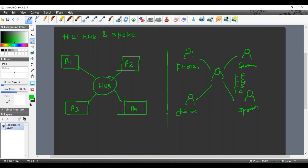So that's hub and spoke architecture. Now this is fine—the problem of multiple translators, the problem of exponentially increasing translators, that got addressed.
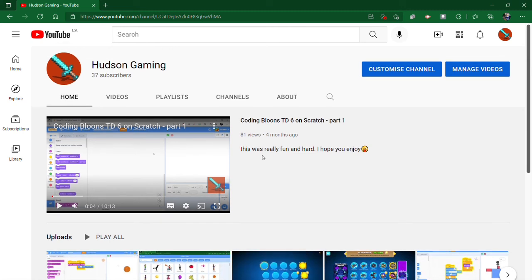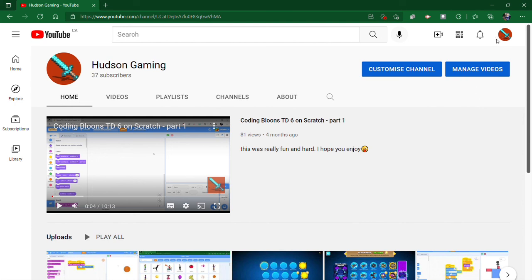So basically I'm going to put all these links in the description down below. Check out their channels and enjoy. Subscribe, like, maybe comment, and see you next time.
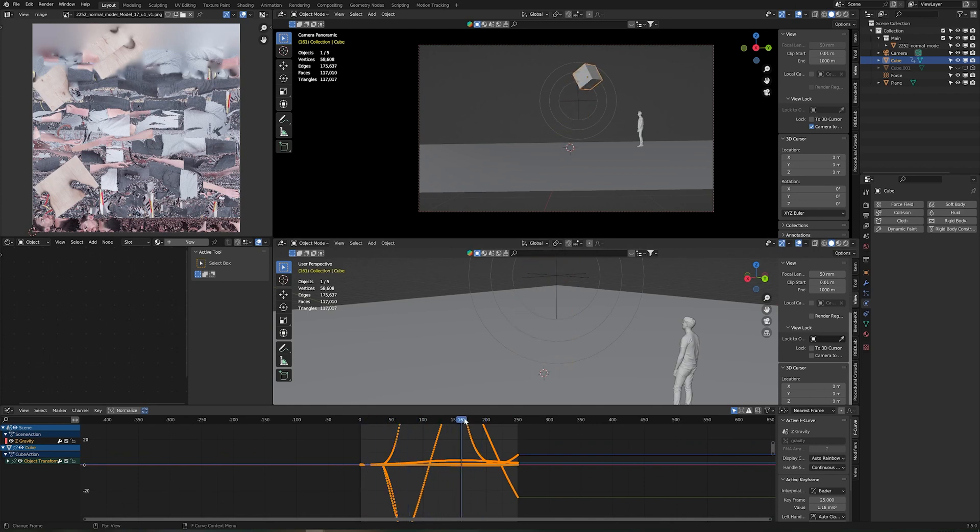And now you can see. I can just scrub through. It doesn't matter. Like before it didn't work. So this is a very important step.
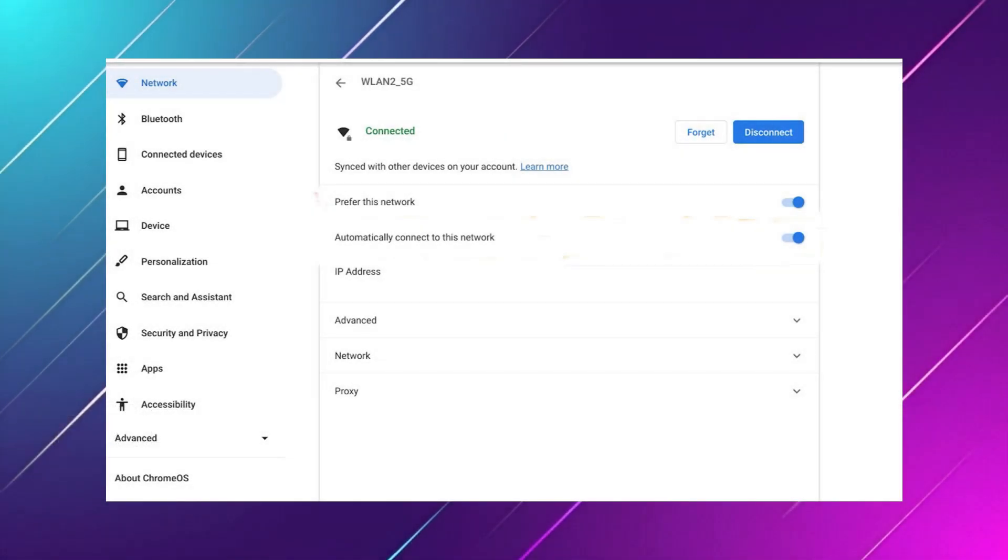First, open your Chromebook and click the clock at the bottom right corner. Then select the settings icon and open network.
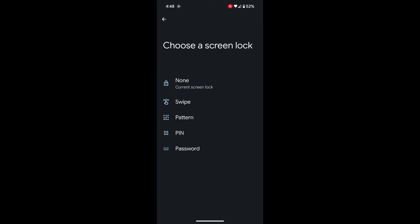Now here you can choose a screen lock from None, Swipe, Pattern, PIN, or Password. Select any screen lock. Here we select the PIN.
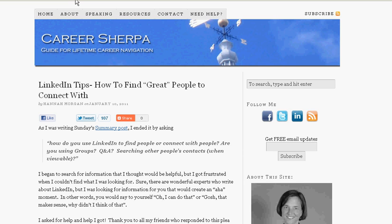This is Hannah Morgan, Career Sherpa, and I hope you enjoyed this presentation. If you have ideas or suggestions for future videos, let me know — drop me a line, send me an email. HannahMorgan at CareerSherpa.net. Thanks so much.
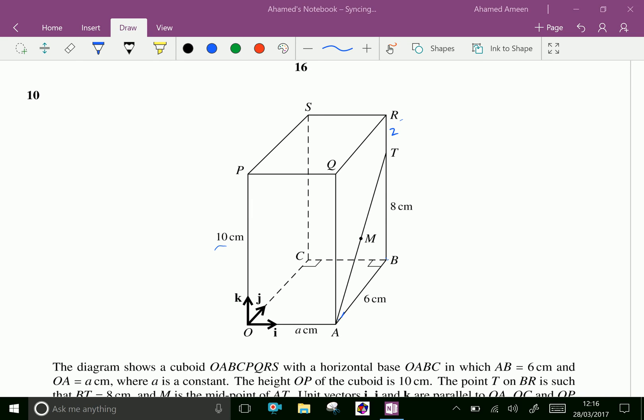Welcome to aminacademy.com. This is the continuation of Cambridge International AS and A level exam specimen paper 2017, Question number 10.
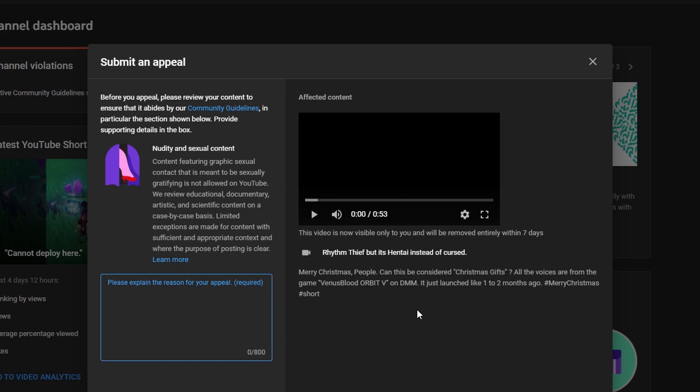And we're like, what the fuck? But my videos got removed. Yes. Nudity and sexual content.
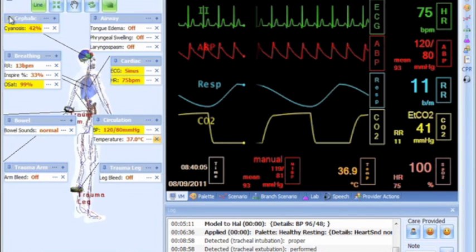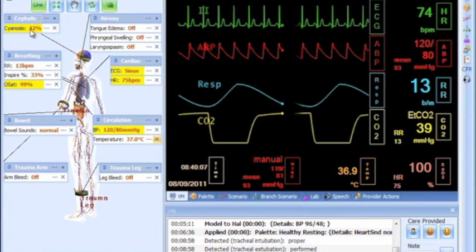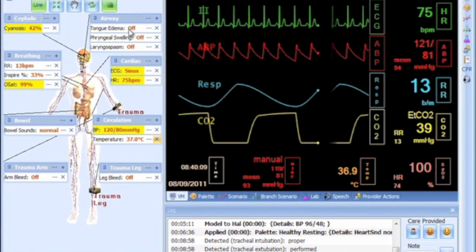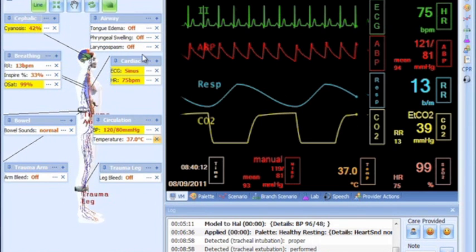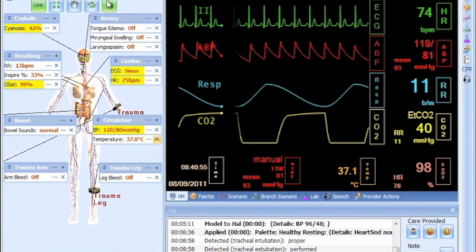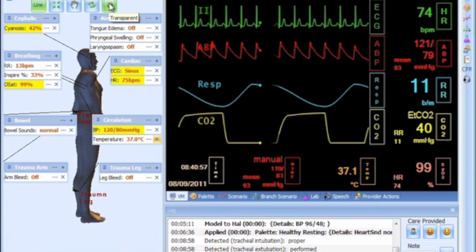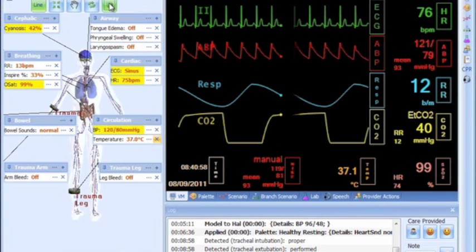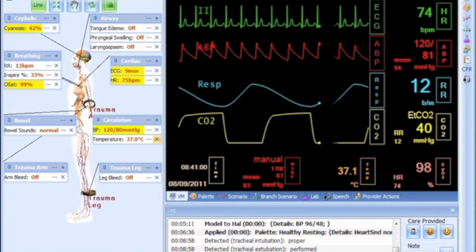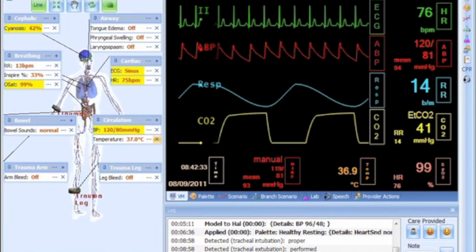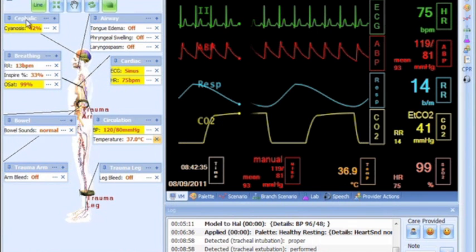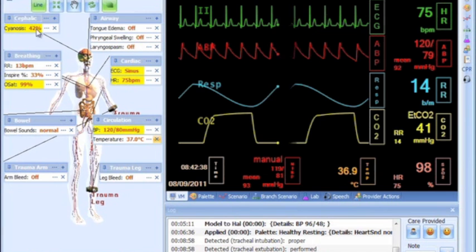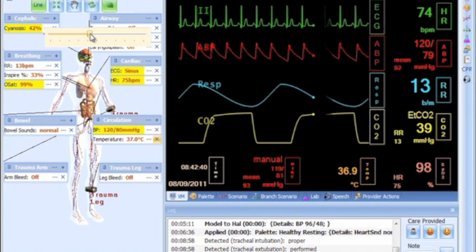The status details panel shows a 3D graphic interface of the simulator that contains the current vitals. The 3D simulator can be seen with opaque or transparent skin to give feedback to the instructor.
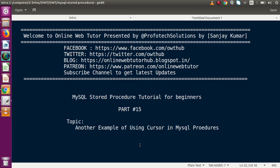Hello guys, welcome to Online Web Tutor presented by Proof of the Solutions team. I am Sanjay. We are learning MySQL stored procedure tutorial for beginners. This is part number 15. Inside this video session, we are going to see another example of using cursor in MySQL stored procedures.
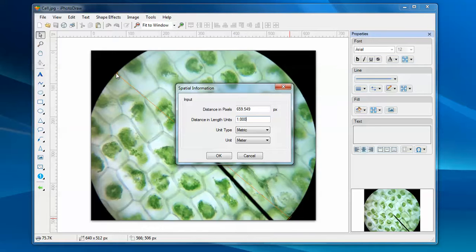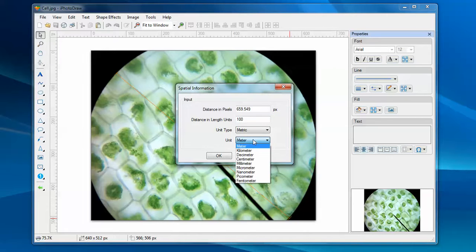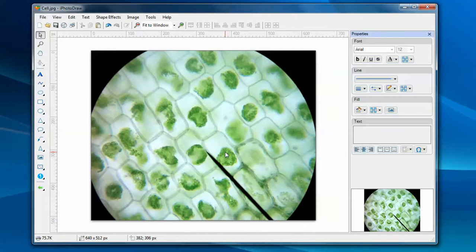For this image, I know the diameter for this microscope is 100 micrometers. So I just enter 100 and pick the unit from the dropdown box. Now the spatial information is defined.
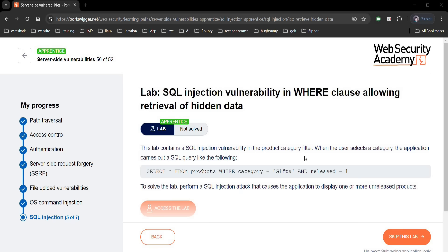To solve the lab, perform a SQL injection attack which makes the website display one or more unreleased products. Pretty simple and easy.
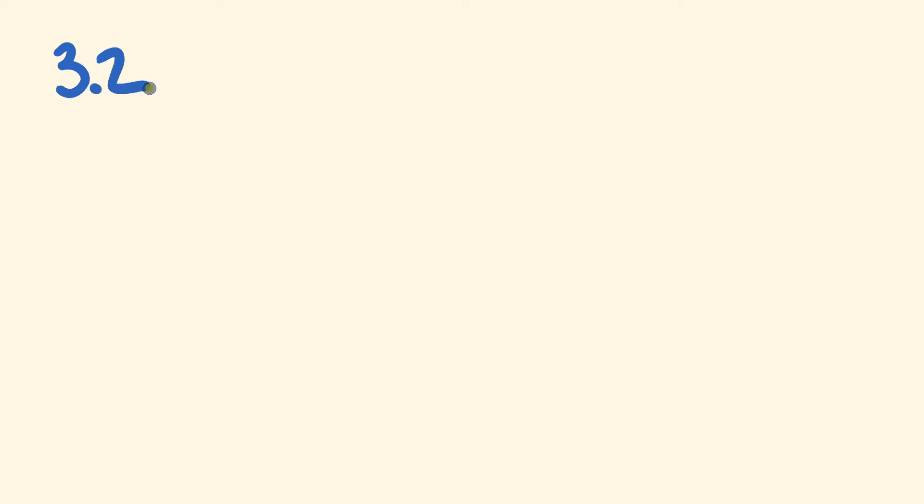So first off we're going to have a look at this one here: 3.2, and to that we're going to add 15.6 and see what that equals. So as I said, the very first thing is setting out, and setting out is basically the major part of this.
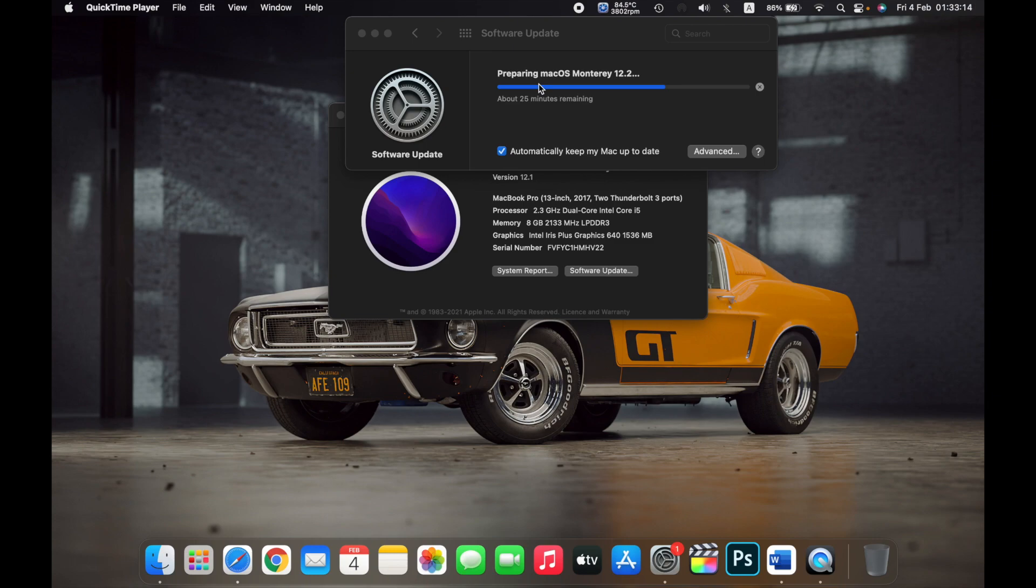So that is how you update the software on your Mac.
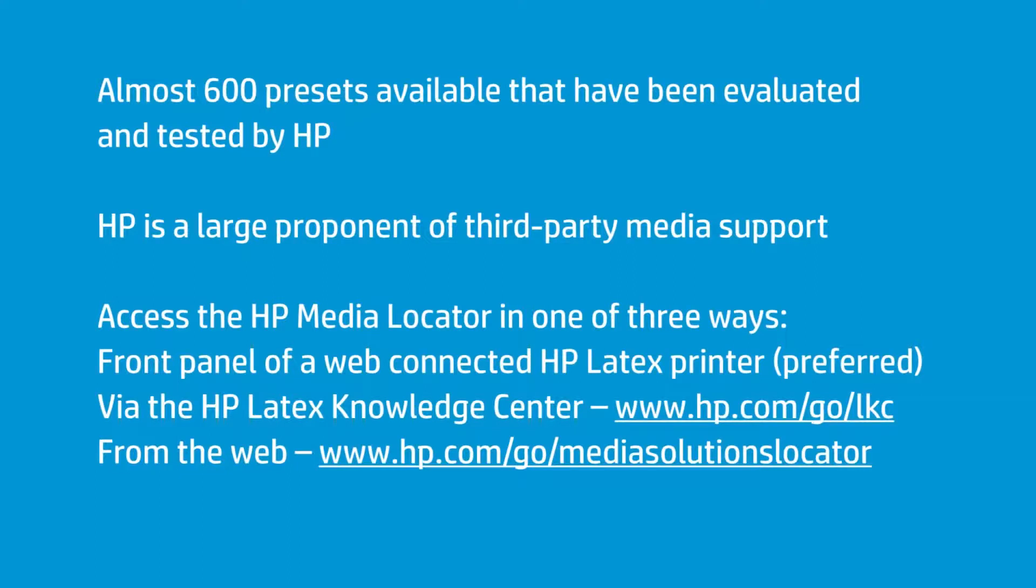Even if the media you have isn't on there, there's a reasonable chance that if you know how to use it effectively, you can find a surrogate media that's almost going to perform exactly like the one you have and will give you a much better chance of success.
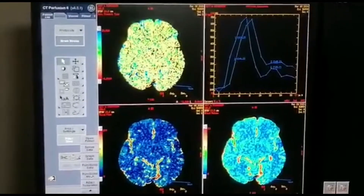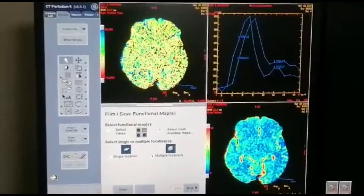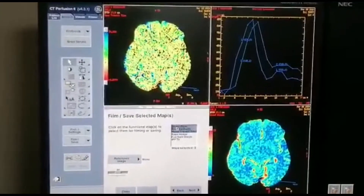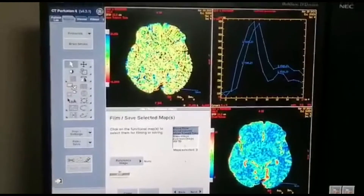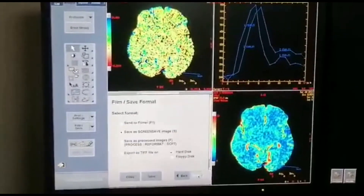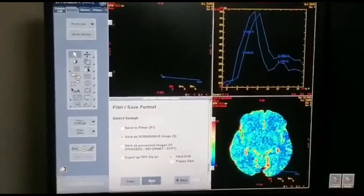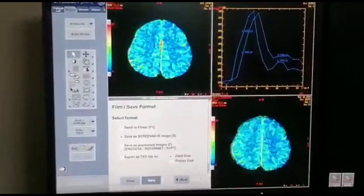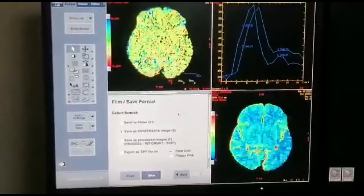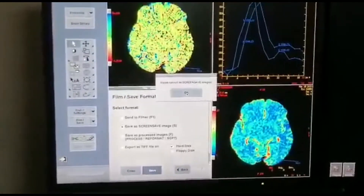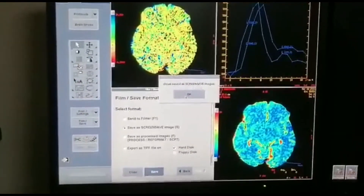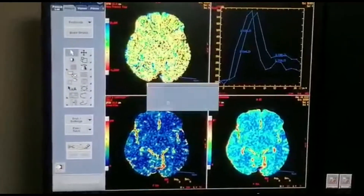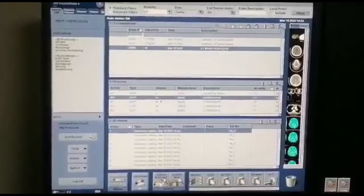Then one by one — and then how is this one — and save functional maps. Make sure you select and lock low blood volume, and then go next. Then save — save all the maps. Close, close, close from here, and this is your functional map.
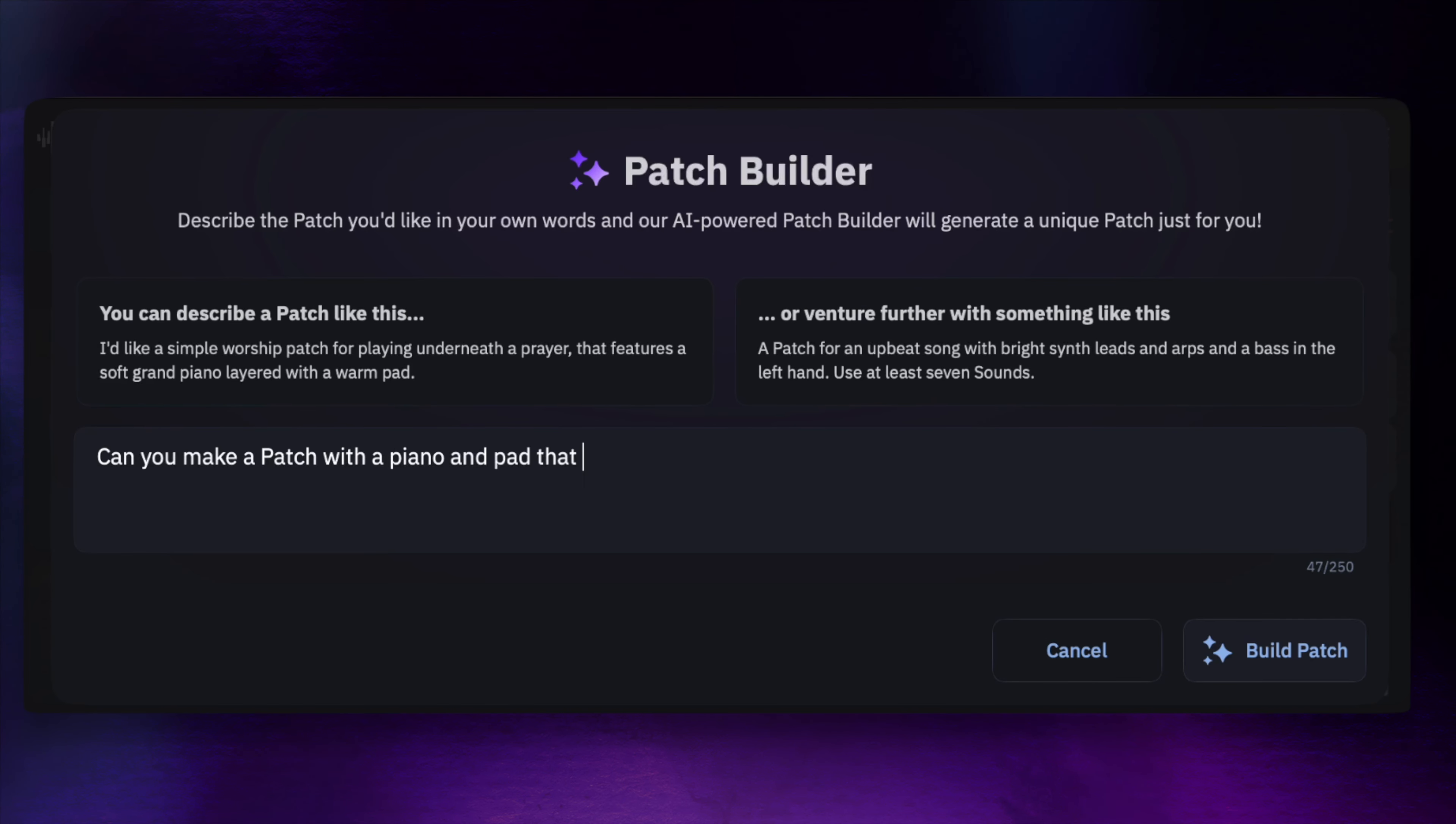A bright patch for an upbeat song with lots of synths and a bass in the left hand.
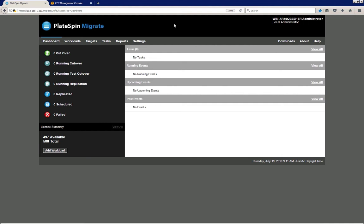Hello and welcome to our short demo movie on how to migrate server workloads to Amazon Web Services with Platespin. It's going to be a very short demo, so we are just going to demonstrate the bare essentials.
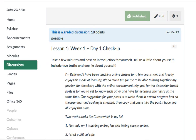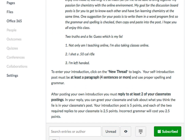Hello. I'm going to show you a little tutorial on how to post a discussion board in Canvas. So when you go to the discussion board, you need to go ahead and read the information given and follow the instructions. Here's the lesson one, week one check-in. This discussion board asks you to introduce yourself and tell two truths and a lie.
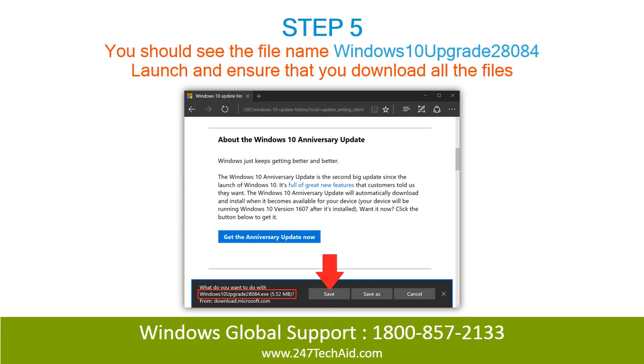Step 5: You should see this file name. Launch it and ensure that you download all the files.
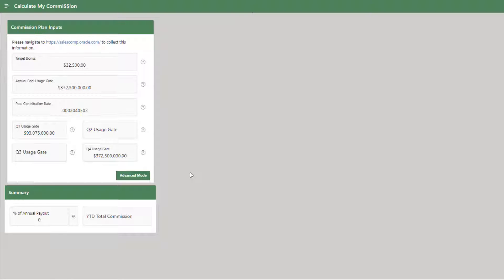In this video we're going to take a look at an example where we want to do validation or checks on form fields without hitting the submit button. When a user enters a number here for the Q2 gate, we're going to do a couple checks.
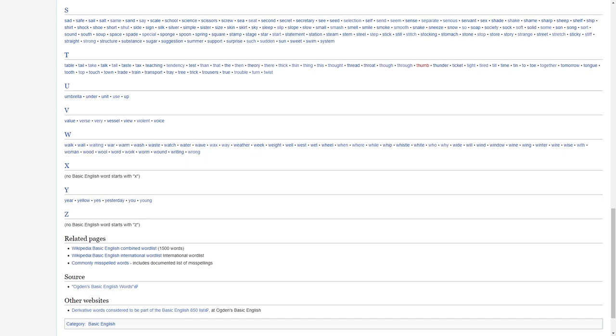U, umbrella, under, unit, use, up. V, value, verse, vary, vessel, view, violent, voice.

....................

TASK STATEMENT. Repeat the lines above exactly, beginning with the one containing "So first off" and finishing with the one containing "Even if the". No pictures belong in the copy.

EXERCISE RESPONSE.
So first off we're going to have a look at this one here: 3.2, and to that we're going to add 15.6 and see what that equals. So as I said, the very first thing is setting out, and setting out is basically the major part of this.
So that is how you update the software on your Mac.
Even if the media you have isn't on there, there's a reasonable chance that if you know how to use it effectively, you can find a surrogate media that's almost going to perform exactly like the one you have and will give you a much better chance of success.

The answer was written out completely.